I walked down Elm Street and found the restaurant, thinking I'd watch the parade from right out front and then retreat inside for some lunch. Plenty of people had shown up to view the procession, but there was lots of room along the sidewalks.
As it turned out, the parade consisted of high school marching bands (all very good) and FIRE TRUCKS! Fire trucks not only from New Hampshire but all several nearby states: I know I saw Maine and Massachusetts, am pretty sure about Vermont, and think there were some Connecticut and New York as well. Checking my photos doesn't help. Many engines have large labels for their towns, but their state identity was only readily visible on license plates (not so clear in the pictures).
Here are a couple of marching bands:
Some of the bands had people with cool-down equipment, watching carefully for signs of stress in the musicians.
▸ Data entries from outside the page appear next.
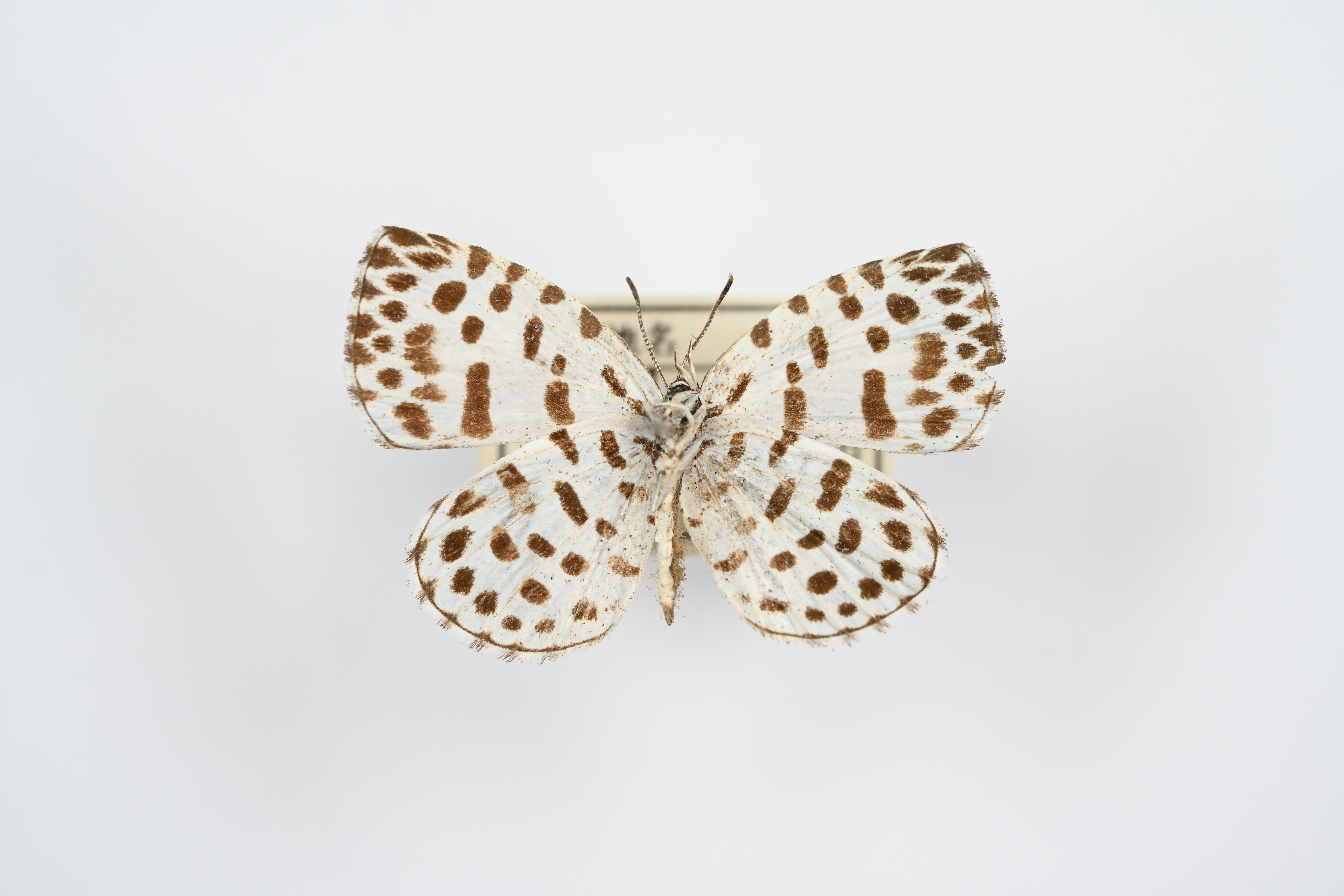 画像：ゴイシシジミ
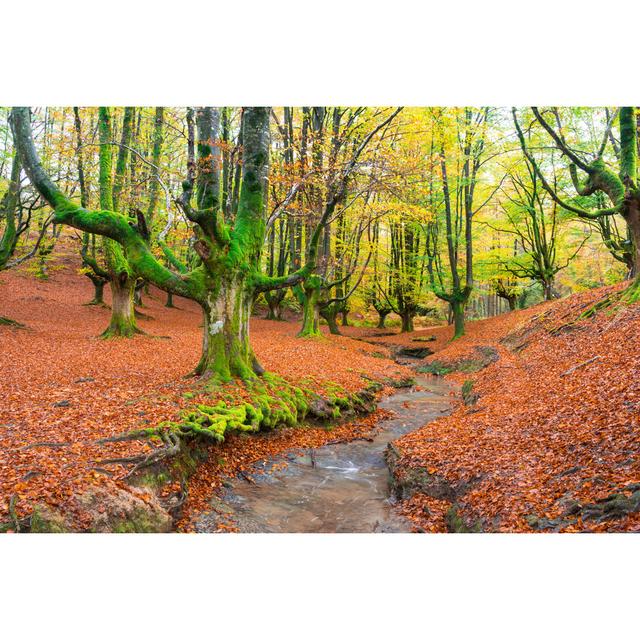 Forest by Jon Chica Parada - Wrapped Canvas Photograph Alpen Home Size: 30cm H x 46cm W on Productcaster.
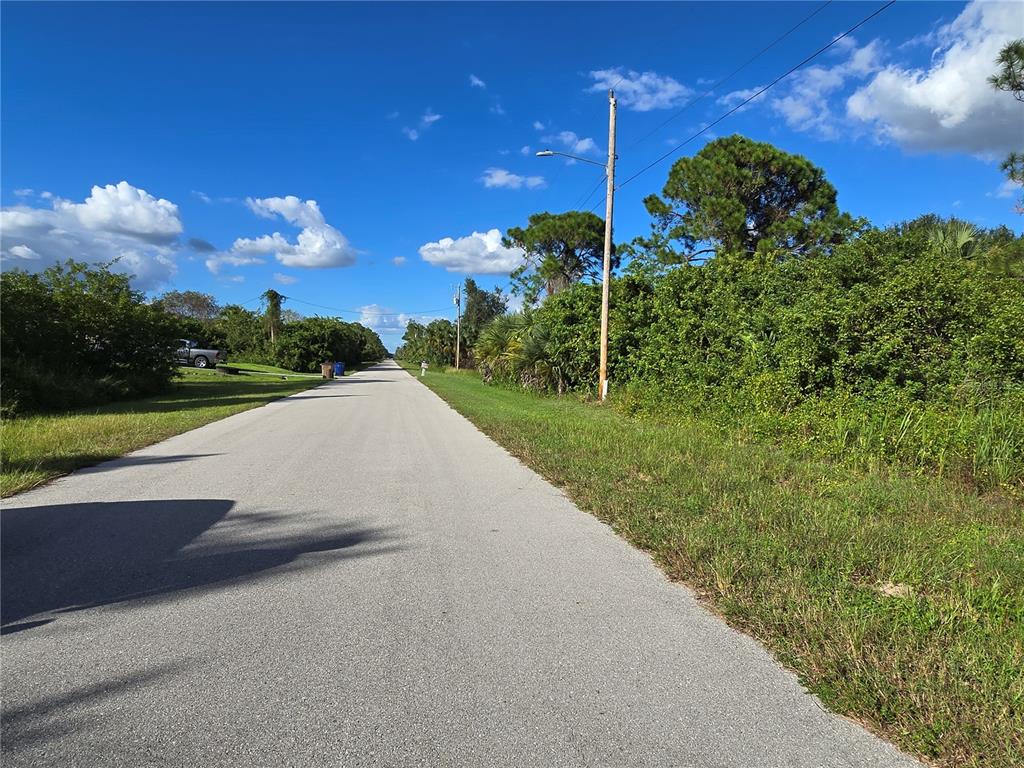 A paved road stretches into the distance, flanked by dense green vegetation and utility poles — 454 NAPLES AVENUE S, LEHIGH ACRES, FL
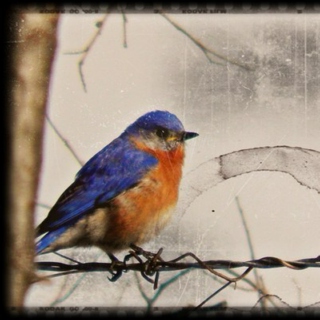 there´s a bluebird in my heart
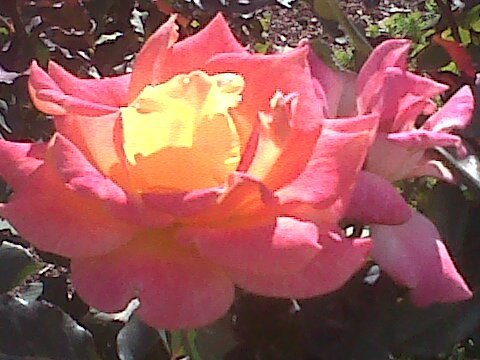 KateKraft1's profile picture. IG@cdk005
The bands were all separated from each other by lots of fire trucks, with people of all ages riding in the trucks.
Some of the fire equipment was about the same age as I am:
And some was a good deal older:
That's 1852 fire equipment from Marblehead, Mass.
I grew up in an era of hood ornaments, and in a family where being able to recognize makes and models of cars and trucks was a plus, so it was fun to get a good shot of a nice Mack bulldog:
I have lots more photos of fire equipment. Only two of the pictures I took ended up out of focus. Two little boys near where I was standing were jumping up and down with excitement for the whole forty minutes it took the parade to pass. Everything that had a siren was blasting it (I had to put my fingers in my ears for part of the time), and there were friendly folk waving from the driver's and riders' seats.
The last truck in the line appeared to be driven by a dalmatian.
There was a real dog in the parade, too, up at the front.
Lunch at Republic? Flavorful, local, leisurely, and relatively quiet. Despite the potential collision of seasonings, I had North African spiced pickled vegetables (which woke up my taste buds effectively) and field mushroom bolognese (vegetarian style) with grilled polenta and whipped ricotta, plus some iced tea to temper the transition. Aahhh.
And then I went back to the Radisson lobby, so well sound-insulated that the people hanging out there hadn't even known there had been a siren- and marching-band parade that ended half a block away, and spent a relaxed two hours spinning, visiting, and waiting for the shuttle to the airport. Wind-down time.